From the records below, work out how many lines contain "more". Reply with that number alone.

*Input data*
☆ ☆ ☆

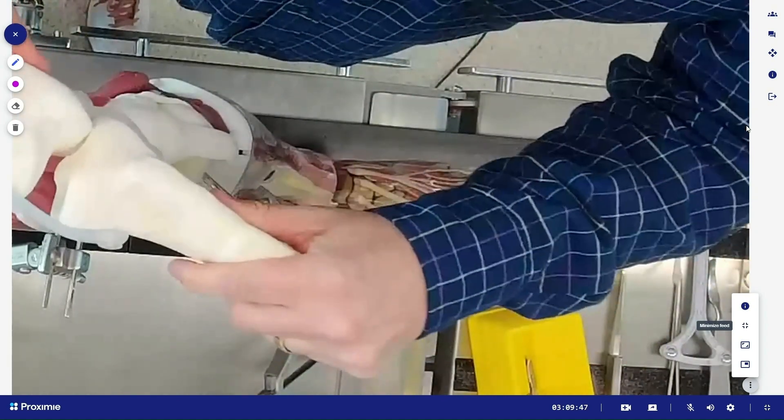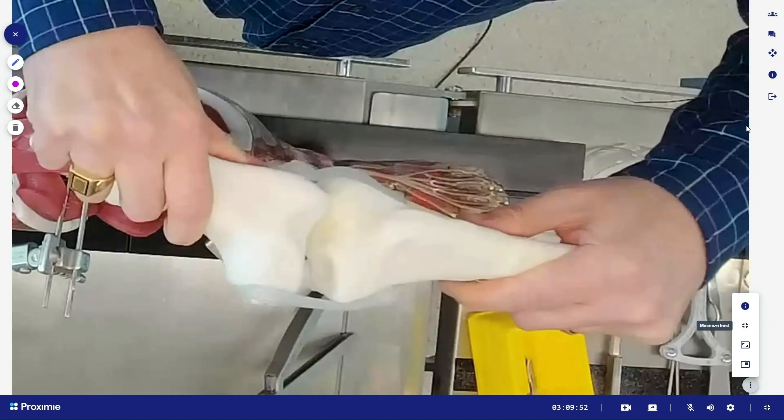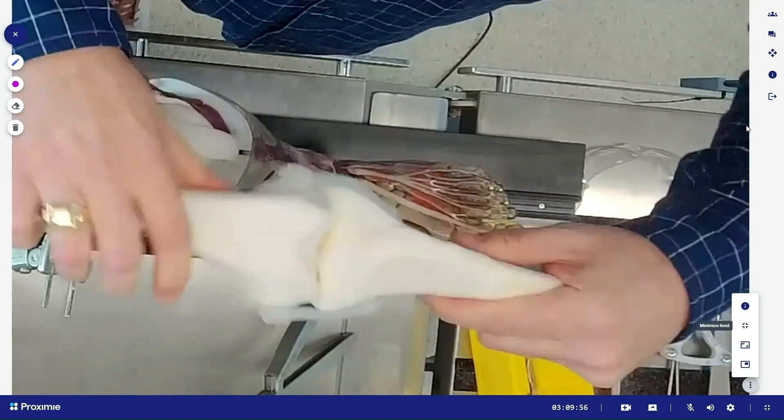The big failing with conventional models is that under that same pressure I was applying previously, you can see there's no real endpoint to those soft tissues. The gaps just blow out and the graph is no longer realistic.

☆ ☆ ☆

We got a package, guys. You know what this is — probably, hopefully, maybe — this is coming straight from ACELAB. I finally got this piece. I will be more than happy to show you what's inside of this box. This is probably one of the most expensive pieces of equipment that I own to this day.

☆ ☆ ☆

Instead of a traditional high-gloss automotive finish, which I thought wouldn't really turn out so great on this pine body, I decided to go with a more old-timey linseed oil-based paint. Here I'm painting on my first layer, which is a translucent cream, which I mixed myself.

☆ ☆ ☆

*Output below*
2